# Can I just show off for a second? Can I?



## Guest (May 15, 2008)

Of _course _I can!

6 months old and already a two-hand tapping master. :smile:


----------



## devnulljp (Mar 18, 2008)

iaresee said:


> Of _course _I can!
> 6 months old and already a two-hand tapping master. :smile:


Man, that's a great pic - it will come back in 20 years when he's on a board like this in the 'post a pic of your first guitar' thread. 
My little fella is 2, and plays the ukelele and my 335 lap-style like Jeff Healey. 
Can't start em young enough. (He's actually pretty nifty with a slide...)


----------



## suttree (Aug 17, 2007)

there's really only one thing i can say to that..

:rockon2:


----------



## fraser (Feb 24, 2007)

excellent pic!



> 6 months old and already a two-hand tapping master.


actually, it looks as if hes using his foot to mute when necessary, and also to hit certain harmonics at key moments. thats pretty advanced for his age.:smile:


----------



## Guest (May 16, 2008)

fraser said:


> actually, it looks as if hes using his foot to mute when necessary, and also to hit certain harmonics at key moments. thats pretty advanced for his age.:smile:


I hadn't even noticed that!

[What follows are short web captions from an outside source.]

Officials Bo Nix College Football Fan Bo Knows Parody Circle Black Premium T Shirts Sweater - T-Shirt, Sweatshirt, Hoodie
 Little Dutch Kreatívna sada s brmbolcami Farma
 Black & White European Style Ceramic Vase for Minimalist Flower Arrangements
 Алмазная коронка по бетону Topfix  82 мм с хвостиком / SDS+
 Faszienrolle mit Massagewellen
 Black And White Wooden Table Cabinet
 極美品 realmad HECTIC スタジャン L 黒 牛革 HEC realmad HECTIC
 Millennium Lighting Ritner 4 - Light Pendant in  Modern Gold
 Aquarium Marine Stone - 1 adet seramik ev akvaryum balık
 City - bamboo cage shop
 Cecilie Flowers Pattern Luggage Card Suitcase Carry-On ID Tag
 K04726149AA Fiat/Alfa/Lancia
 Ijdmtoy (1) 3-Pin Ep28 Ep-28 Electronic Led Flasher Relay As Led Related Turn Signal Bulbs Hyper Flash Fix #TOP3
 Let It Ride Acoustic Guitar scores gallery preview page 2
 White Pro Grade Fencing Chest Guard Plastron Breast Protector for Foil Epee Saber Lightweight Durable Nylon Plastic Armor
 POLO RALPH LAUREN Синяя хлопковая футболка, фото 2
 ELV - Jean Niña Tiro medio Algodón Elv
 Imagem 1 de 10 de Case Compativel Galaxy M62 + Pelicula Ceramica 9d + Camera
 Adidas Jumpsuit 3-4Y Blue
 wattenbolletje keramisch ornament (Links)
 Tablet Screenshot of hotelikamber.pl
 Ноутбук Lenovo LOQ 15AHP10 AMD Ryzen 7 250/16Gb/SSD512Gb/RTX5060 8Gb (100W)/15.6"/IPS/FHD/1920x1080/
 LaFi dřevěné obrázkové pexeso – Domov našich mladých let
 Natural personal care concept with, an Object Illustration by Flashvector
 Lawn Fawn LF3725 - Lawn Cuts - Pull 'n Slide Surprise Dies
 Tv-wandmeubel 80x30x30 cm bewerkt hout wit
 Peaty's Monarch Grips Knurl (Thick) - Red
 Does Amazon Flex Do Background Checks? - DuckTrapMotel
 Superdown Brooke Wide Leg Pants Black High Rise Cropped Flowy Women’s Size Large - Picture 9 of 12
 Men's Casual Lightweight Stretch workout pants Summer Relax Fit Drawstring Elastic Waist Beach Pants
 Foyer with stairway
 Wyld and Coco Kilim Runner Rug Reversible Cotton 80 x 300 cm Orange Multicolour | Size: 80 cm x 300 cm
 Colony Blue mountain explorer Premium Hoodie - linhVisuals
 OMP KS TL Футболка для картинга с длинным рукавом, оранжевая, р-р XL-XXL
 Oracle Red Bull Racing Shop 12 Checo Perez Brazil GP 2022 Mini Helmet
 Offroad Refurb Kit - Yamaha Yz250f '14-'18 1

I thought I heard some higher order harmonic content in there when he was wailing away. The kid's going to give Stanely Jordan a run for his money.


----------



## zontar (Oct 25, 2007)

Does the pick sticking through the strings provide some interesting overtones, or is it more for muting?

In any case--interesting style choice.


----------



## Guest (May 16, 2008)

zontar said:


> Does the pick sticking through the strings provide some interesting overtones, or is it more for muting?


It's an old trick he picked up from his buddy Reeves Gabrels. Or so he tells me...


----------



## zontar (Oct 25, 2007)

iaresee said:


> It's an old trick he picked up from his buddy Reeves Gabrels. Or so he tells me...



That makes complete sense now.

It's a prepared guitar.


----------



## suttree (Aug 17, 2007)

fraser said:


> actually, it looks as if hes using his foot to mute when necessary, and also to hit certain harmonics at key moments. thats pretty advanced for his age.:smile:


i thought it was the chuck berry duck walk, AKA rock move #1


----------



## rhh7 (Mar 14, 2008)

Beautiful baby! You must be very proud...great to see them get an early start.


----------



## Milkman (Feb 2, 2006)

LMAO

The foot in the air is classic.

Great picture, and one that will likely be shown at family gatherings (maybe at his wedding) for years to come.


----------



## Chito (Feb 17, 2006)

Very cool pic! Can't help smiling after seeing the pic. Cool little kid you got in there Ian.


----------



## RIFF WRATH (Jan 22, 2007)

awesome pic........yer young un obviously got his good looks from his mom....lol
Gerry


----------



## Robert1950 (Jan 21, 2006)

Just don't show him any vids of Pete Townsend in action until he is old enough to have his own guitars.


----------